DATA SUPPLIED Block Start

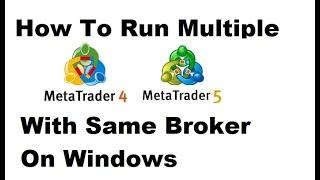 How To Run Multiple MT4 MT5 Accounts With The Same Broker At The Same Time On Windows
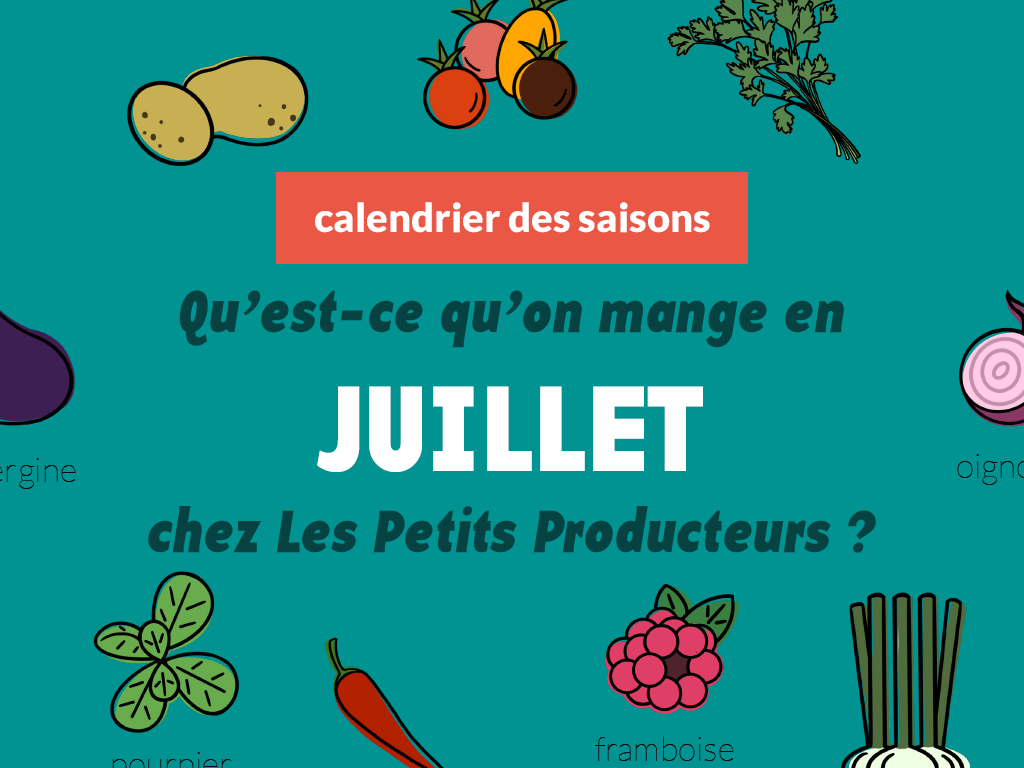 Que mange-t-on en juillet ?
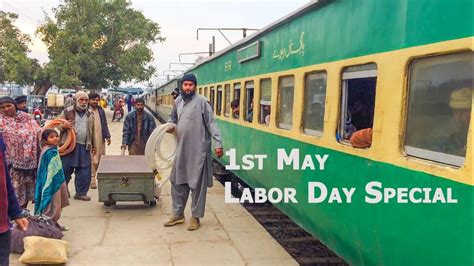1st May Labor Day Special Pakistan Railways Youtube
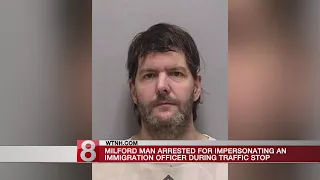 Milford man arrested for impersonating an immigration officer during traffic stop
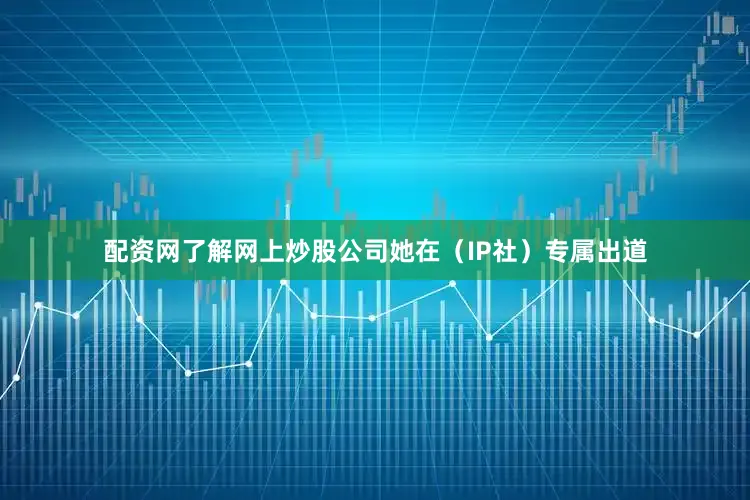 配资网了解网上炒股公司她在（IP社）专属出道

DATA SUPPLIED Block End

_TRY IT:_ From start to finish, output the listing exactly, but omit its pictures.

_ANSWER BOX:_
 How To Run Multiple MT4 MT5 Accounts With The Same Broker At The Same Time On Windows
 Que mange-t-on en juillet ?
1st May Labor Day Special Pakistan Railways Youtube
 Milford man arrested for impersonating an immigration officer during traffic stop
 配资网了解网上炒股公司她在（IP社）专属出道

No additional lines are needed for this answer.